►
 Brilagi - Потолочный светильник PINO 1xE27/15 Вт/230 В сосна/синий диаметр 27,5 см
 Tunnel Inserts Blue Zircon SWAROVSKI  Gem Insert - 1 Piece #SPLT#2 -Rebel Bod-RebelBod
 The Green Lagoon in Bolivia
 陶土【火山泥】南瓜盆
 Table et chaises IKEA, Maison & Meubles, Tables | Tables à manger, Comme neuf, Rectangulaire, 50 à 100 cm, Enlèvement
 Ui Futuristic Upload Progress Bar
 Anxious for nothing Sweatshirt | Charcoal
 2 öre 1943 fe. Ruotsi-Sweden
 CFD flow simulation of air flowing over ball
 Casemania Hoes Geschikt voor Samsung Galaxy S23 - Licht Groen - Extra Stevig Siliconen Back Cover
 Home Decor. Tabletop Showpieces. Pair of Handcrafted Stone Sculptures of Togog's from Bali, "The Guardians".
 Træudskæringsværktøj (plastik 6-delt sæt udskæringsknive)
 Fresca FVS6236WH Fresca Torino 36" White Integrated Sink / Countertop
◄
►
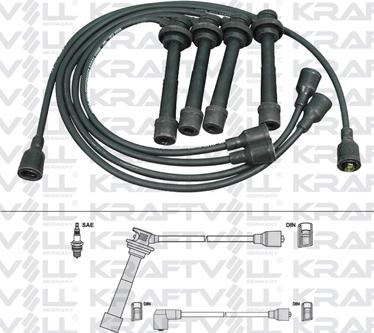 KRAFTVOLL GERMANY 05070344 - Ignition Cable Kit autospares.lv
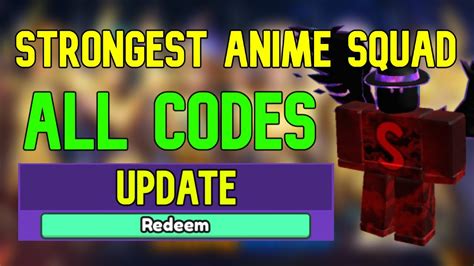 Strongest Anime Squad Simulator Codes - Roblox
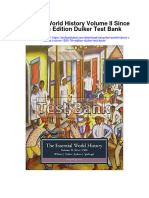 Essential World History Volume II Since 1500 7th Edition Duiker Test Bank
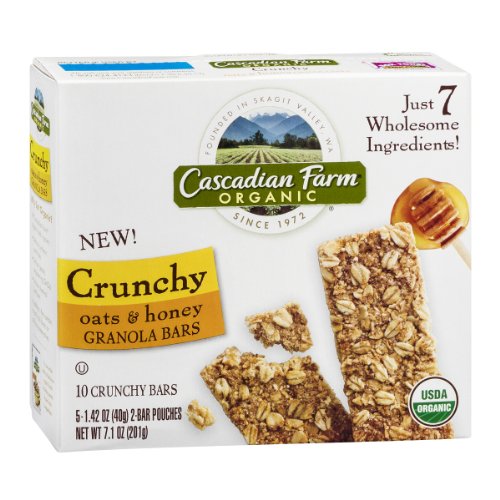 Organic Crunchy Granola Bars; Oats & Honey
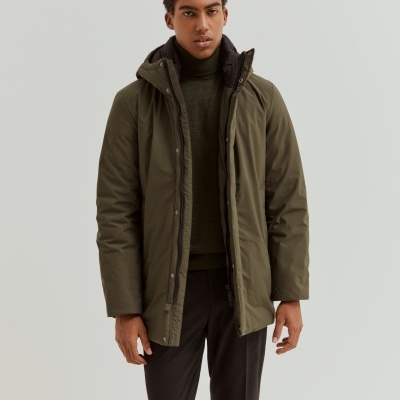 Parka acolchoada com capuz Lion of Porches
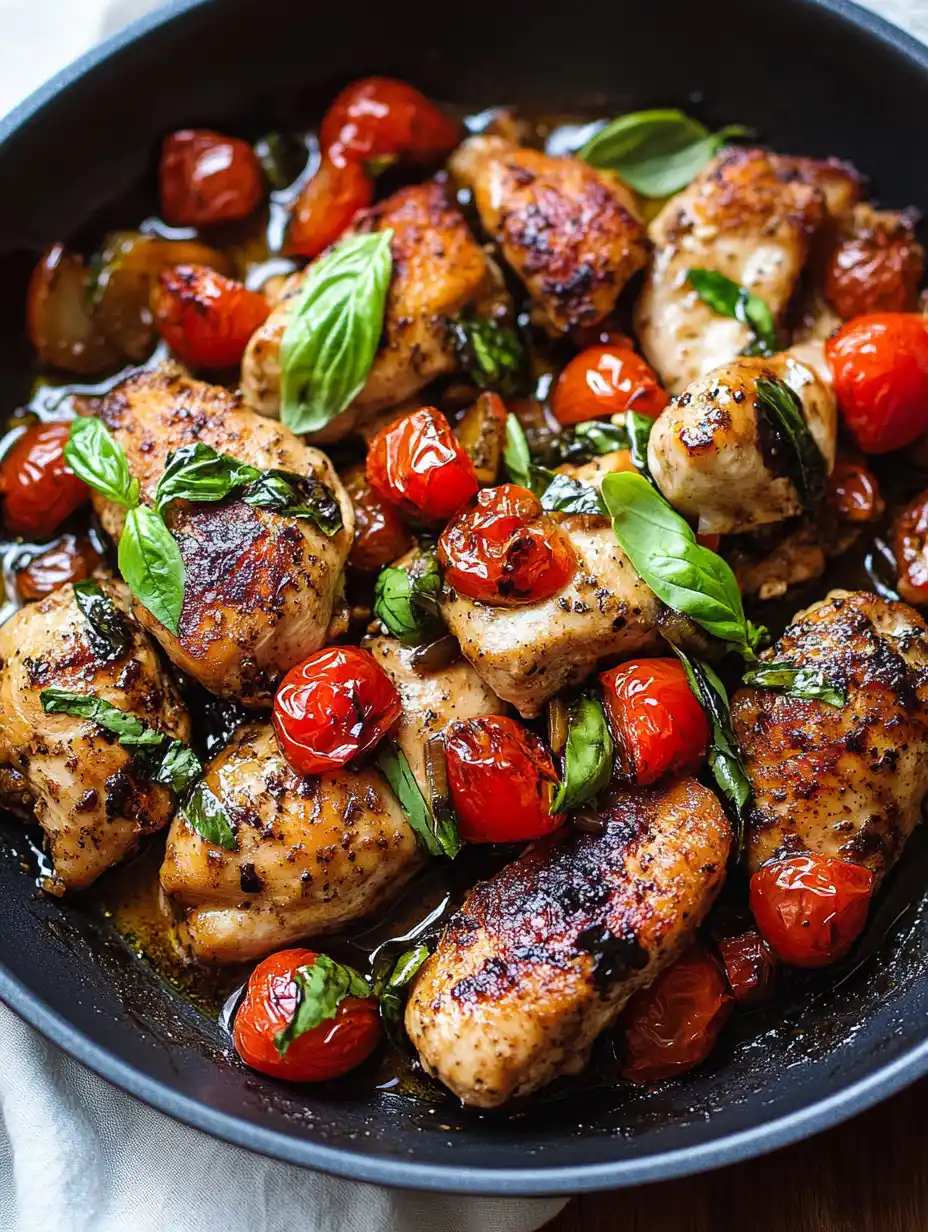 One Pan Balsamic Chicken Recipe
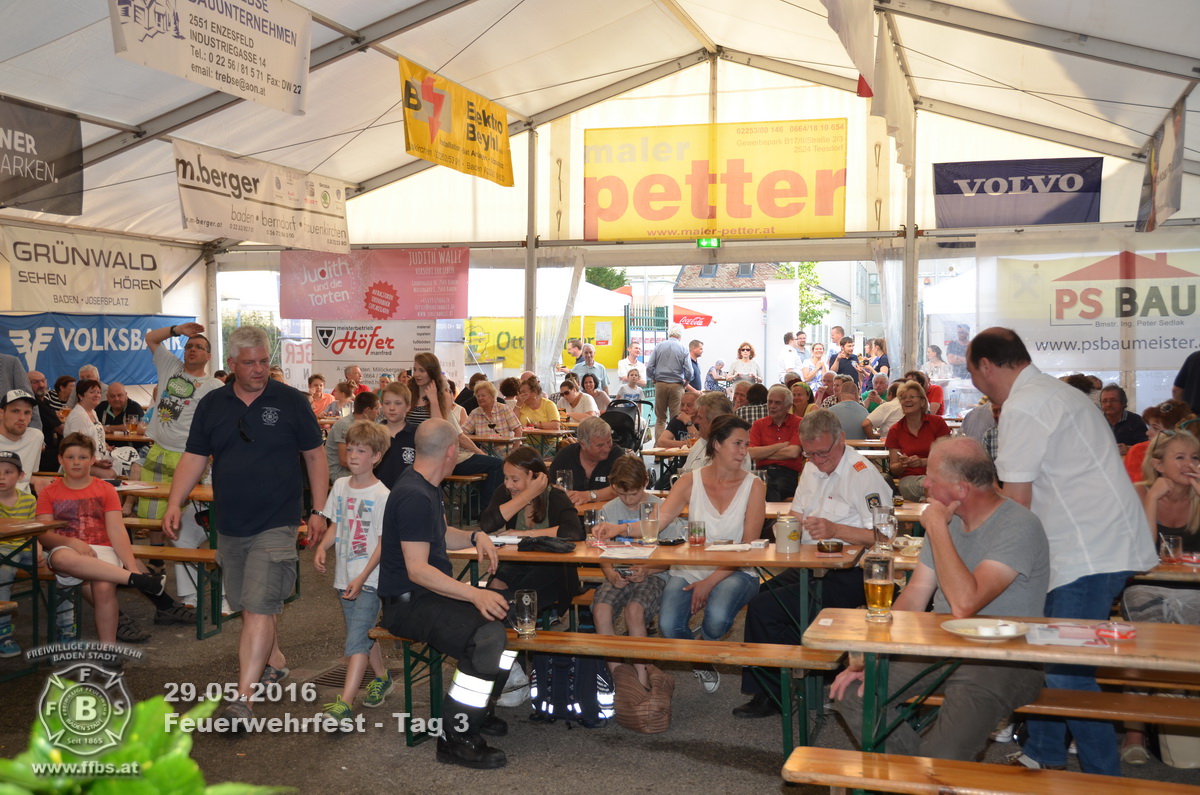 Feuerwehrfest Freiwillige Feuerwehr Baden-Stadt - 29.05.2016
◄
Look back at the entries above. Retype the line with "Træudskæringsværktøj (plastik 6-delt", the line with "Fresca FVS6236WH Fresca", and all lines in between.

 Træudskæringsværktøj (plastik 6-delt sæt udskæringsknive)
 Fresca FVS6236WH Fresca Torino 36" White Integrated Sink / Countertop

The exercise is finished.